Ah ! Le charme des prédictions.
C'est aussi le début des yéyés, inaugurée par ya ya twist, une chanson de Johnny Halliday dont les paroles hautement intellectuelles laissent de marbre ma Mamie. Elle préfère les Bécaud, Brassens, Brel, mais se moque gentiment des couettes de Sheila, du spleen de Françoise Hardy ou des sautillements nerveux de Clo-clo.
Grâce à la commercialisation massive du transistor, la radio résiste encore à l'emprise de la télévision. Cela ne va pas durer. Mamie apprécie toujours autant le Jeu des milles francs lancé par Roger Lanzac sur Paris-Inter. Maurice Biraud dit "Bibi" est la grande vedette d'Europe 1 avec ses calembours. Il est aussi le chouchou de Mamie. Ses enfants préfèrent écouter Salut les Copains, animée par Daniel Filipacchi et par Franck Ténot.
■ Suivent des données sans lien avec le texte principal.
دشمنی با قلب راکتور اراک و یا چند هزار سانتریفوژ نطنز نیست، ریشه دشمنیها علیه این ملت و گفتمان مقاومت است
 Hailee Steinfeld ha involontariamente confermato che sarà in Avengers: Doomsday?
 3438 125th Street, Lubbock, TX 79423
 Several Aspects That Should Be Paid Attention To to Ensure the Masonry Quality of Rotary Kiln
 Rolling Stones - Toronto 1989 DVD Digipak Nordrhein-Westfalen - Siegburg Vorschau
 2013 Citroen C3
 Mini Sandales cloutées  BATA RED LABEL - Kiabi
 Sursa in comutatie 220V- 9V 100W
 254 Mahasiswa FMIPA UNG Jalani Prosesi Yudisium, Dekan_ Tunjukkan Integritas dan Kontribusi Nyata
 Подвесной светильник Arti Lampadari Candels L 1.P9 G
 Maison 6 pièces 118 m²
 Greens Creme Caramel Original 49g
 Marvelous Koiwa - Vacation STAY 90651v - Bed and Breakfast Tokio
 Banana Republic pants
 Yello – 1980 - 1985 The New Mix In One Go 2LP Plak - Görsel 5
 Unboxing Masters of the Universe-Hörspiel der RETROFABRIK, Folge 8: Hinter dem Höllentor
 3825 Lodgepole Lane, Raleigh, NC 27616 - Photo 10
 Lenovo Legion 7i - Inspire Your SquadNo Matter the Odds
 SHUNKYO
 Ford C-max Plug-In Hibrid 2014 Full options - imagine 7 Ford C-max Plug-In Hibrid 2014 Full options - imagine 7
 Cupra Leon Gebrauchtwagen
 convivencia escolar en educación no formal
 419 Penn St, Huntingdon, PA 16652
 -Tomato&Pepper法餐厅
Inéluctablement, la télévision monte en puissance. En 1961, Mamie sort sa calculette : 2 458 419 postes. Pas une de plus. C'est l'époque des premiers feuilletons de Marcel Bluwall. Les téléspectateurs dégustent son Dom Juan, avec le tandem Brasseur, Piccoli. Lecture pour tous de Pierre Dumayet est un must. Averty agace. La télé marque encore des points quand le monde assiste à l'assassinat de Kennedy puis, en direct, à celui de Lee Harvey Oswald. Tout le monde dans la rue parle des reportages de Cinq colonnes à la Une.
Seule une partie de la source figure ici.